How have you seen culinary medicine make its way into the clinic?
Before I became a doctor, I didn't know that it was difficult to get people to change their behaviors, but that's something you learn in medical school. I would ask my attendings, "Why aren't we talking to people with heart disease about what they're eating?" or "Why aren't we talking to people with diabetes about their diet -- only prescriptions?"
Mostly people said that it takes too much time, or that no one changes their diet anyway, and that it's better to just focus on medications. I had already seen firsthand, in my cooking classes, that people can and will change their diets when it's a sustainable, enjoyable change. It made me think, "Well, maybe we're just approaching the topic of healthy eating with patients the wrong way. I've never had trouble getting people to eat food when focusing on the deliciousness of a dish." Everyone knows vegetables are healthy, but few people eat enough of them. We need to change the narrative.
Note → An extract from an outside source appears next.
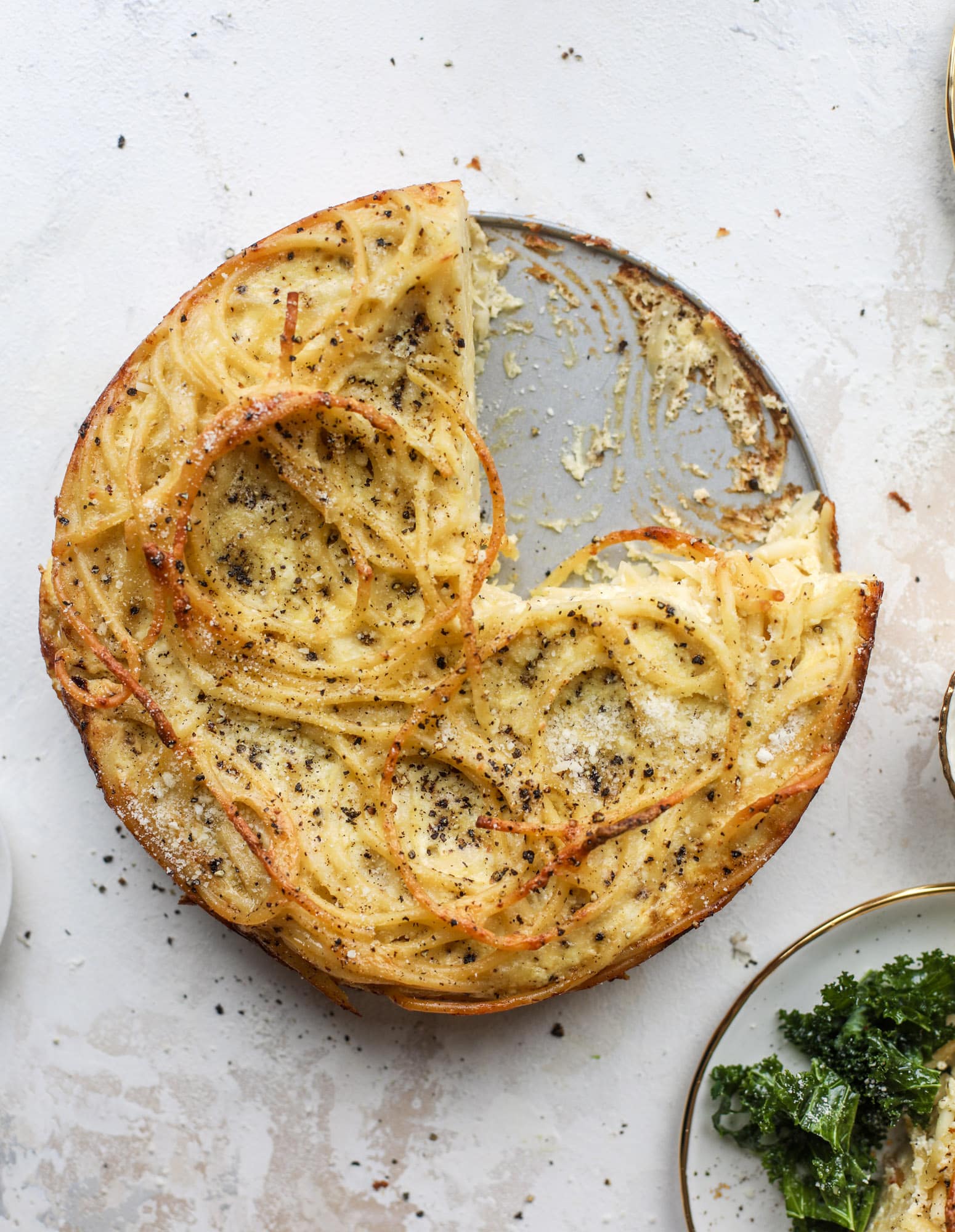 Hello lover! Cacio e pepe pie is made with parmigiano-reggiano cheese, black pepper and bucatini pasta. Baked until cheese and bubbly, it's to die for.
During medical school, I worked with a faculty member to put together the first culinary medicine continuing education conference, though it wasn't called "culinary medicine" at the time. The conference, which continues to this day, is called Healthy Kitchens, Healthy Lives; it brings together chefs, health care professionals and others to learn about delicious cooking and nutritious eating.
What does the Stanford culinary medicine class teach?
This class is focused on how to cook with fresh ingredients. I give my students materials to review and study, one of which is a slogan to cook and eat by: Eat food, not too much, mostly plants, which was coined by Michael Pollan in "In Defense of Food." That's an underlying foundation of the class -- I focus on plant-forward cuisine, and emphasize that at least 75% of your plate should be plant-based foods. Studies show that proportion is good for weight management and for preventing cardiovascular disease and many other conditions.
Outside of health and nutrition concepts, I teach practical kitchen skills - things like how to use a knife, or how to know when the pasta is al dente -- and why that's better for people, nutritionally. (Overcooked pasta has a greater impact on blood sugar levels than al dente pasta.) There are eight classes on culinary basics with a healthy twist including sautés and stir fries, pastas, breakfasts, even desserts. After each class, we eat dinner together and we discuss how we would communicate what we learned to patients, often doing role play to facilitate that conversation. At the end of the quarter, we have a potluck, and students demonstrate their new skills while also sharing dishes that are personally meaningful to them -- often from their childhoods and representing every corner of the globe.
The other concept I try to impart to my students is that cooking should be fun and colorful -- you want your plate to have all the colors of the rainbow, but if you're missing a few, that's OK. Don't let perfect be the enemy of good.